Assets can have value for intrinsic or extrinsic reasons. Intrinsic reasons tend to be less subjective and to require less interpretation, whereas extrinsic reasons tend to be highly subjective and to rely on a socially-constructed interpretation. You can acquire an oil painting, hang it in your house, and admire it. No one else in the world can possess and admire precisely the same piece of art in the same way at the same time. This uniqueness is an intrinsic source of value for traditional forms of art. Digital, nonfungible assets do not have this same property. Their value is almost entirely extrinsic and subjective.
To be clear, I am not suggesting that digital art, land, collectibles, or nonfungible assets in general have no value. My point is that, to the extent that we as a society collectively choose to attach value to them, that value will necessarily be fundamentally different in nature from the value of traditional assets such as land and art. We’ve barely begun the process of understanding these assets and the ways in which they may possess value in the eyes of society.
As fascinating as digital assets are, there’s an aspect of the way they’re being marketed today that worries me.
What attracted me to blockchain was the once-in-a-century opportunity that it presents to reimagine so many aspects of our society: how we communicate and collaborate, how we relate to one another, how we form institutions and bonds of trust, etc.. In the same way, blockchain presents us with an equally rare opportunity to totally reimagine basic social concepts like art, community—and, yes, ownership. It is of course natural that we should start by attempting to import already-familiar ideas and analogues. Some of them may even stick! Decades later, we still have a “recycle bin” sitting on our “desktop”: great, useful examples of skeuomorphism. Some less useful analogues, however, should be jettisoned while we still have the chance.
Rather than attempting to recreate the world of scarcity, of “this is mine, not yours,” why blithely bring these offline constraints with us into the digital realm? The entire point of the digital world is that, free from the constraints of the physical world, digital assets need only be precisely as scarce as we want them to be! Digital assets need not be rivalrous nor exclusive: we can both enjoy a digital bowl of pea soup, and my enjoyment doesn’t detract one whit from yours.

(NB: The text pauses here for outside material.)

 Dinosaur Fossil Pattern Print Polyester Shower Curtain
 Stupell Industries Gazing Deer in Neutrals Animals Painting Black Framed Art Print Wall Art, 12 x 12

As we collectively undergo a once-in-humanity phase shift from an offline, agricultural and industrial world, a world of scarcity and need, to a more digital, online world based on data and information, we have a unique opportunity to rethink fundamental concepts such as wealth and ownership. We have a rare opportunity to transition from a scarcity mindset into one of abundance. The next hundred years of human society will be less about which scarce assets we own and exclusively control, and more about which networks we are a part of—and, thus, which connections and information we have access to.
What sort of novel experiences could we conceive of if we relax the constraints of the offline, tangible world? It’s probably too soon to tell, since we’re still quite early in the development of virtual worlds and experiences, but the platforms that exist today do offer a glimpse. One good example is the avatar: platforms like Decentraland, Mozilla Hubs, AltspaceVR, and VRchat, not to mention Fortnite, offer users a fantastic array of ways to express themselves in the form—literally—of avatars of all shapes, sizes, colors, species, and agility. Some platforms do allow users to buy or pay to upgrade their avatar, and maybe that’s okay, but I suspect the dominant model will let the user express themselves creatively at no or very low cost.
Just an ordinary day in the crypto VR meetup scene: lower fidelity than an in-person event, perhaps, but lots more latitude for creative expression. A panel chat, part of Consensus Distributed, held in VRChat.
It’s about the experience, dummy
The point is that we should be innovating on the experience, and that means innovating on the presentation layer, not on the ownership of arbitrary blobs of cryptographic data. The average person cares a lot more about experience and self-expression than they do about some abstract notion of self-sovereign ownership. There’s a reason that well-designed, centralized games like Fortnite have hundreds of millions of active players while the most popular dapps have many orders of magnitude less.
Ownership is not, in and of itself, an experience. If you ask me it’s not something that 99% of humanity cares about or is looking for in the digital world. As one example, young people everywhere are frustrated by high levels of debt, and property that feels totally out of reach (a situation that’s quickly getting worse). I suspect they’d sooner keep living in the offline world than subscribe to a digital world that also forever relegates them to second-tier, rentier status.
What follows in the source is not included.